Telemetry and Run Reports¶

Scalable v2.0.0 includes a deterministic run history store for manifest-driven sessions. Every run records structured telemetry for debugging, auditing, resource advising, and ML model training.

Run directory layout¶

Each run is recorded under .scalable/runs/:

.scalable/
  runs/
    run-<timestamp>-<project>-<hash>/
      manifest.yaml
      plan.json
      manifest.lock
      run.json
      tasks.jsonl
      resources.jsonl
      workers.jsonl
      failures.jsonl
      cache.jsonl
      artifacts.jsonl
      cost.jsonl
      summary.json

JSONL is the canonical storage format.

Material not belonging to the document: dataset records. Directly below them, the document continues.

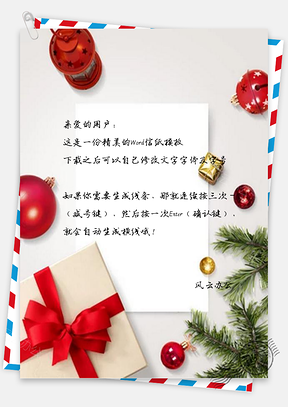 信纸简约圣诞节活动邀请函Word模板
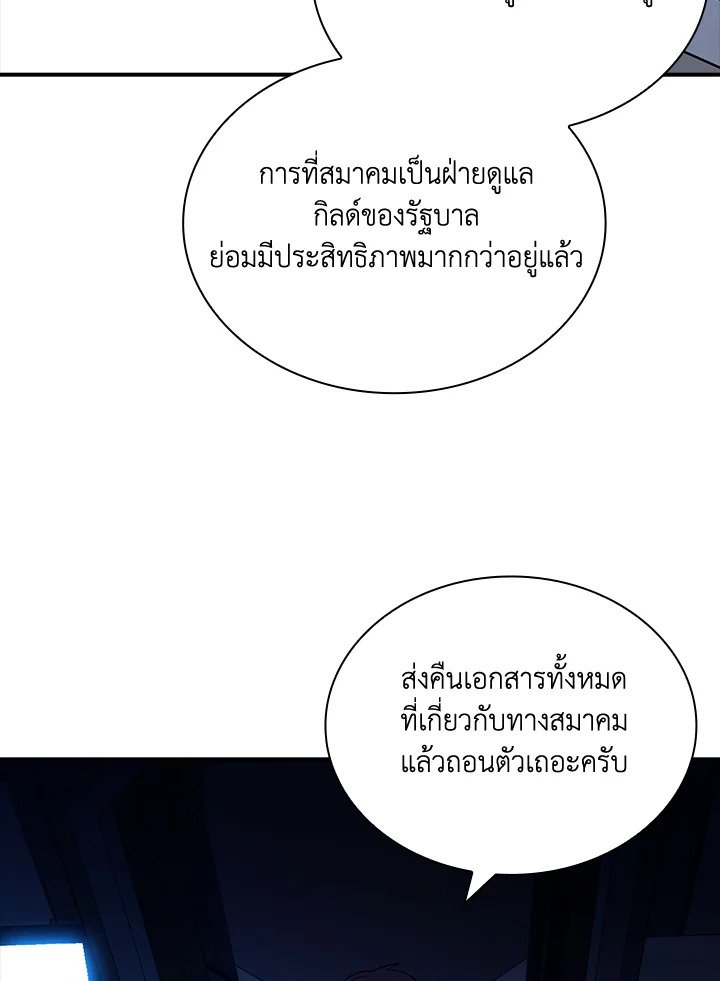I Have an SSS-Rank Trait, But I Want a Normal Life ตอนที่ 88 87
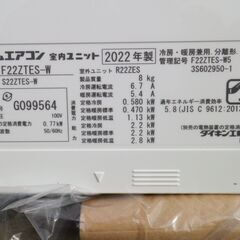 ダイキン　F22ZTES-W 　6～8畳用 /100V]　Eシリーズ 　ストリーマ内部クリーン　2022年の画像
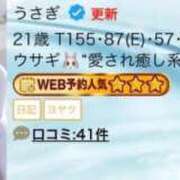 ヒメ日記 2026/05/11 16:16 投稿 うさぎ 吉原ファーストレディ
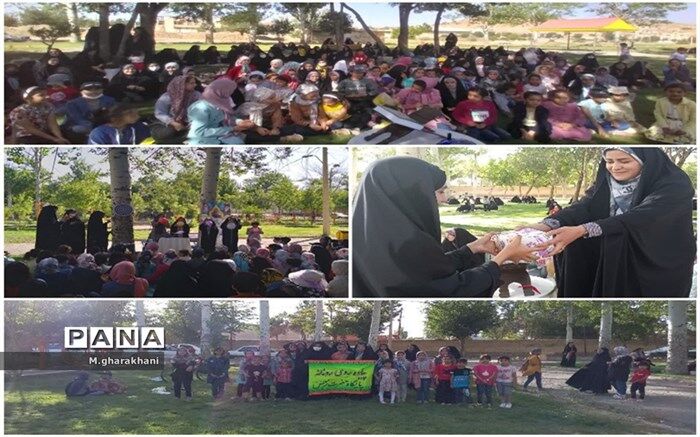برگزاری برنامه ایستگاه ورزش عصرگاهی در شهر بن
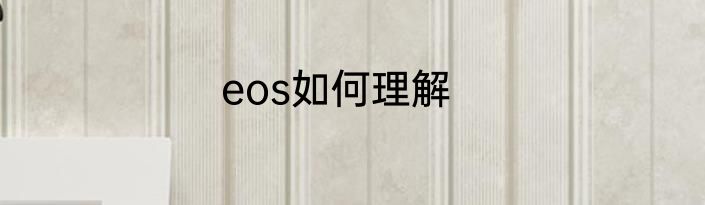 eos如何理解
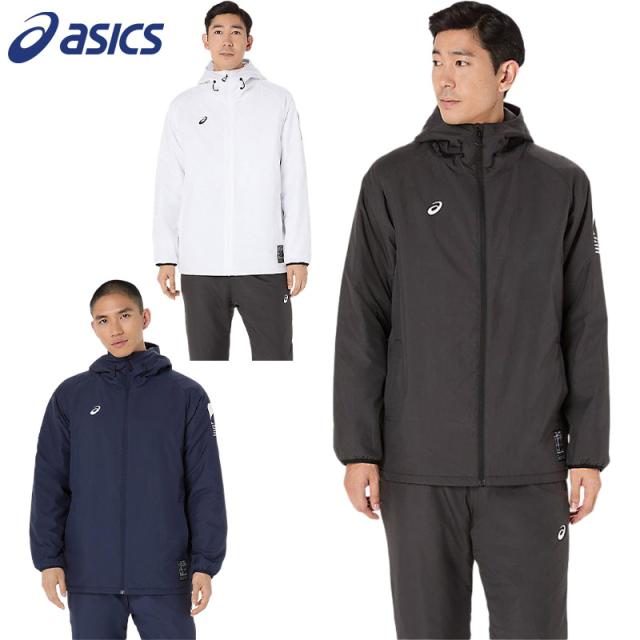 アシックス メンズ 中わたウインドブレーカーフーディー アパレル トレーニング アウター 長袖 吸湿発熱 保温 防寒 防風 撥水 運動 スポーツ ホワイト 白 ブラック 黒 ネイビー 送料無料 asics 2031F177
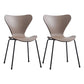 Contemporary Style Metal Chairs Kitchen Dining Solid Back Sides Chair Set Coffee 2 Piece Set Black Clearhalo ' kitchen&dining_furn' 'Dining Chairs' 'Dining Tables & Seating' 'dining_chair' 'furn' 'furn_dining_chair' 'Furniture' 'furniture_dining_chair' 'Kitchen & Dining Furniture' 'kitchen' 3826496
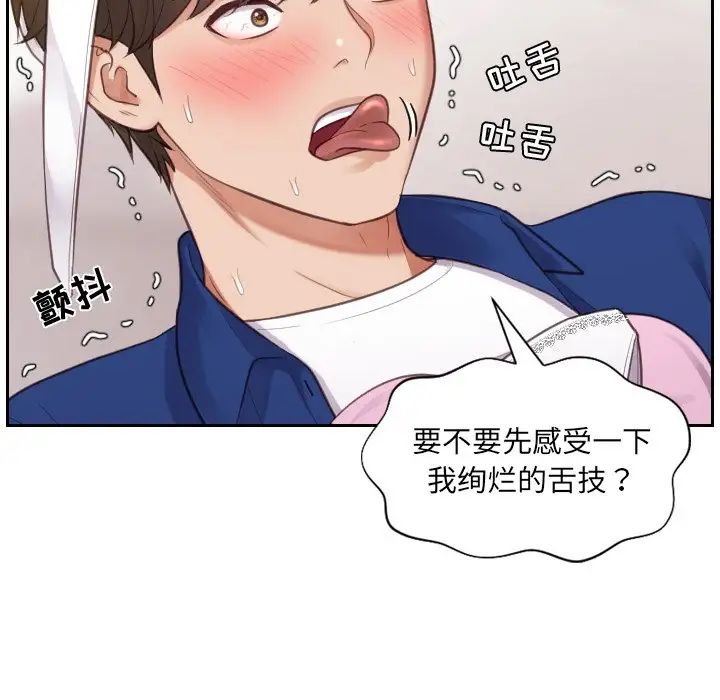 她的怪癖第4話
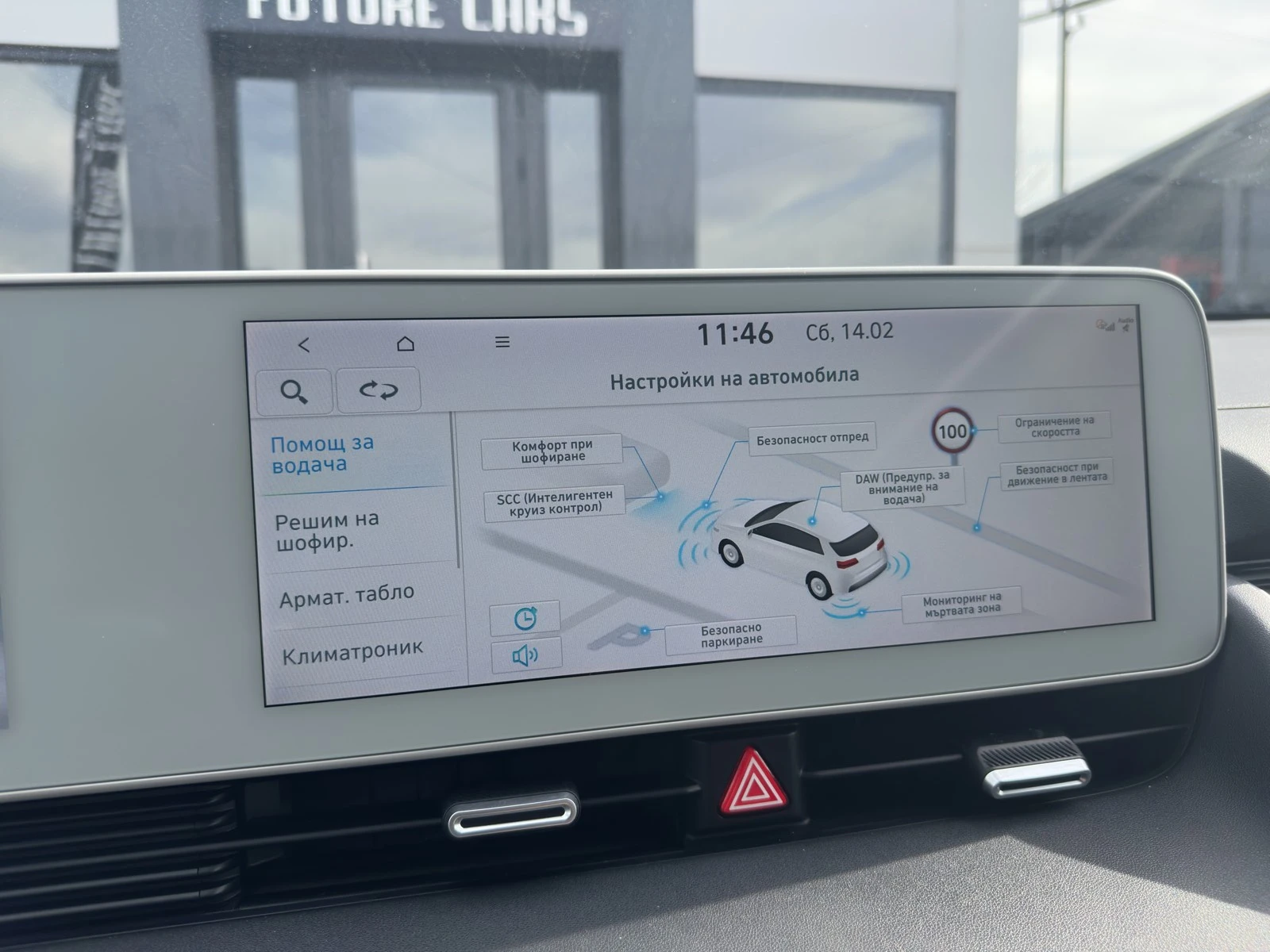 Hyundai Ioniq 5 72.6KWh/TECHNIK/2021�./SOH100% | Mobile.bg � ����������� 12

Optional parquet snapshots are emitted when telemetry parquet support is enabled.

Event types¶

The telemetry system records the following event categories:

Task events — submission, start, completion, failure, retry
Worker events — launch, ready, lost, removed
Resource events — CPU/memory allocation and usage
Cache events — hit/miss for @cacheable decorated functions
Failure events — error classification and stack traces
Artifact events — output registration and storage references
Cost events — cloud provider cost estimates

CLI reporting¶

Generate a report from the most recent run:

scalable report --latest

Machine-readable report output:

scalable report --latest --format json --output report.json

Report from a specific run:

scalable report --run-id run-20260519T120000Z-project-abc

Report options:

--runs-dir — Custom runs directory (default: .scalable/runs)
--run-id — Specific run identifier
--latest — Use most recent run (default when no run-id given)
--format — Output format (text or json)
--output — Write to file instead of stdout

Session integration¶

ScalableSession automatically initializes and finalizes telemetry for manifest-driven runs:

from scalable import ScalableSession

session = ScalableSession.from_yaml("scalable.yaml", target="local")
# Telemetry is automatically recorded during the session lifecycle

# Record custom artifacts
session.record_artifact("output.csv", kind="result")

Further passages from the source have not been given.